◆ **SUPPLIED DATA**
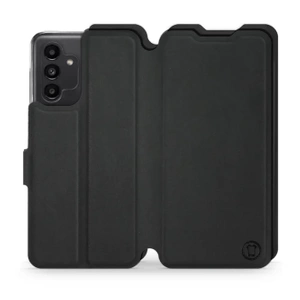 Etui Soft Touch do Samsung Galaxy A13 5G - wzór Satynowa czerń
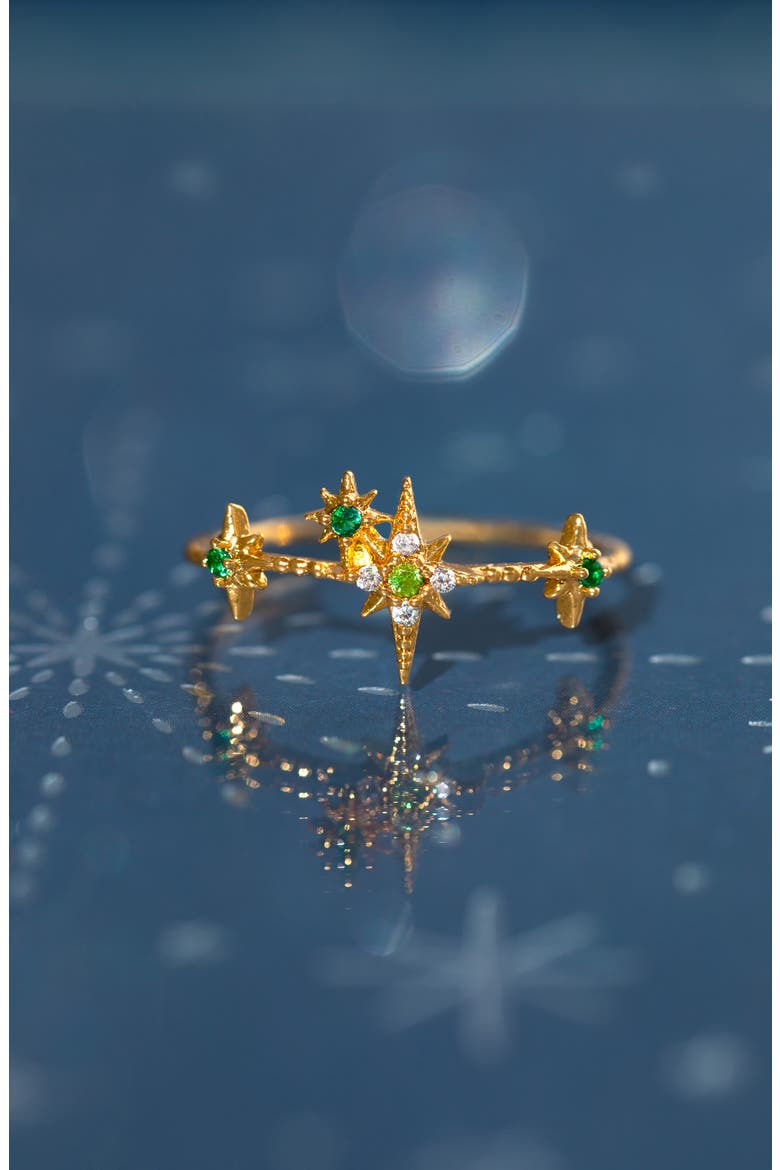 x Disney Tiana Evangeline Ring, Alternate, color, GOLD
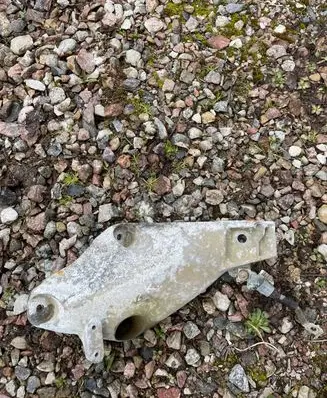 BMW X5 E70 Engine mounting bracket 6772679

◆ **PROBLEM DESCRIPTION**
Give the data again exactly as written, with all pictures left out.

◆ **EXERCISE RESULT**
 Etui Soft Touch do Samsung Galaxy A13 5G - wzór Satynowa czerń
 x Disney Tiana Evangeline Ring, Alternate, color, GOLD
 BMW X5 E70 Engine mounting bracket 6772679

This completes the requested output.